Given records: Begin

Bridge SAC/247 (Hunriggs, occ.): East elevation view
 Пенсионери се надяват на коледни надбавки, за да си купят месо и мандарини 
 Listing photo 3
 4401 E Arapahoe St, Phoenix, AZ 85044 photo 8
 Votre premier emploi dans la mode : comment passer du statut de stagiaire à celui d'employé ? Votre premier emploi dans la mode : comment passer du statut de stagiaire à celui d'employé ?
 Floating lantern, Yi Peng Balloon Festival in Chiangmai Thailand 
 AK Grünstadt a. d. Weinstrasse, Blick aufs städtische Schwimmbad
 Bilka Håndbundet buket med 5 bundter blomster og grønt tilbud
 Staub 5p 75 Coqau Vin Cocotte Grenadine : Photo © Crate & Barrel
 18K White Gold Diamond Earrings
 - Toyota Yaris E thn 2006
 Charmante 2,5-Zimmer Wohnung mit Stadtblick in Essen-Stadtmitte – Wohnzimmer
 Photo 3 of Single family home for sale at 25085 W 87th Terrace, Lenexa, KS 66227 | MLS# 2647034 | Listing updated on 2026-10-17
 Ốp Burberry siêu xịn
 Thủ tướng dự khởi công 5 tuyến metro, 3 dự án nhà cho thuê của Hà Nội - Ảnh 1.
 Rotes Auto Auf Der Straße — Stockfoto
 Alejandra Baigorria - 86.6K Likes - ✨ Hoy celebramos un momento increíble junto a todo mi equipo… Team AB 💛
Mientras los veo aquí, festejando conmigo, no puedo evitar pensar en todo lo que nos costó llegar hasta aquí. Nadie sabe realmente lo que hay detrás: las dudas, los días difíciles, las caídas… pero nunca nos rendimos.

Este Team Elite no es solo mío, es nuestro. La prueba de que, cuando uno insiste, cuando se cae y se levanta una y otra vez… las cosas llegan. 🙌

Given records: End

Copy out exactly the lines between the line with "Photo 3 of Single" and the last line of the entries, counting both of those lines.

■ **Task solution**:
 Photo 3 of Single family home for sale at 25085 W 87th Terrace, Lenexa, KS 66227 | MLS# 2647034 | Listing updated on 2026-10-17
 Ốp Burberry siêu xịn
 Thủ tướng dự khởi công 5 tuyến metro, 3 dự án nhà cho thuê của Hà Nội - Ảnh 1.
 Rotes Auto Auf Der Straße — Stockfoto
 Alejandra Baigorria - 86.6K Likes - ✨ Hoy celebramos un momento increíble junto a todo mi equipo… Team AB 💛
Mientras los veo aquí, festejando conmigo, no puedo evitar pensar en todo lo que nos costó llegar hasta aquí. Nadie sabe realmente lo que hay detrás: las dudas, los días difíciles, las caídas… pero nunca nos rendimos.

Este Team Elite no es solo mío, es nuestro. La prueba de que, cuando uno insiste, cuando se cae y se levanta una y otra vez… las cosas llegan. 🙌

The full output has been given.